There’s a new movie out called Gunless, starring Paul Gross. (He played the Mountie in Due South.) The notion is that Gross’s character, the Montana Kid, is on the run from the law, and he runs to Canada (or the territories that will ultimately become Canada). Of course, the law comes after him, but one of the things the movie explores is how different western Canada was from the American West, right from the get-go. The usual tropes found in westerns just don’t work – the culture was that different.
Once upon a time, I wanted to write a series of historical romances set in the Canadian West. I’d been out to Calgary and visited museums and historical sites, and was intrigued by the way that the Canadian West challenged my expectations. Our ideas about the settling of the west are shaped by the American experience – because that’s what we see in movies and read most often in books. But the Canadian west was quite different – the forebears of the RCMP (the Northwest Mounted Police) were a big part of the move west, as was the development of the railroad. So, the whole thing occurred much later, and settlers followed either the police/military or the railroad. This is in marked contrast to the American example, in which intrepid individuals headed west and the law, railroad and accoutrements of state followed them, arriving later. This perks through to attitudes – American settlers were markedly self-sufficient (because they had to be) while their Canadian counterparts tended not to be so independent. There were lots of other differences too, differences all the more interesting because we don’t necessarily expect them.
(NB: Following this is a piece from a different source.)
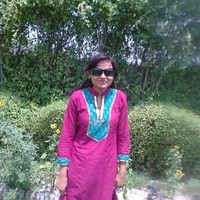 Sonia Rajput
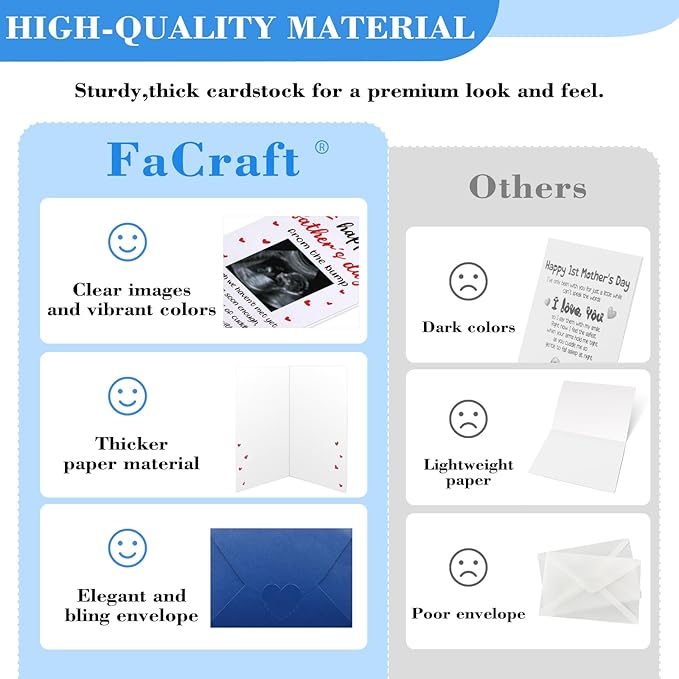 FaCraft Happy First Fathers Day Card for New Dad Dad to Be Expecting Fathers, Photo Insert, 4 x 6 Happy 1st Fathers Day Gift Card with Envelope from Wife Daughter Son Baby Boy Girl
When I first learned all this in Calgary, I thought it would be a lot of fun to explore those differences in a romance novel. I thought, actually, that it might make for a western romance that was “fresh” in New York terms. My editor disagreed – she thought that those differences (and the fact that the anticipated western tropes would be absent) would make the series or book unmarketable. Ultimately all of those partials and proposals ended up in the shredder, but the contrast still interests me.
And so, I’m pretty intrigued by the concept of this movie. Has anyone seen it yet?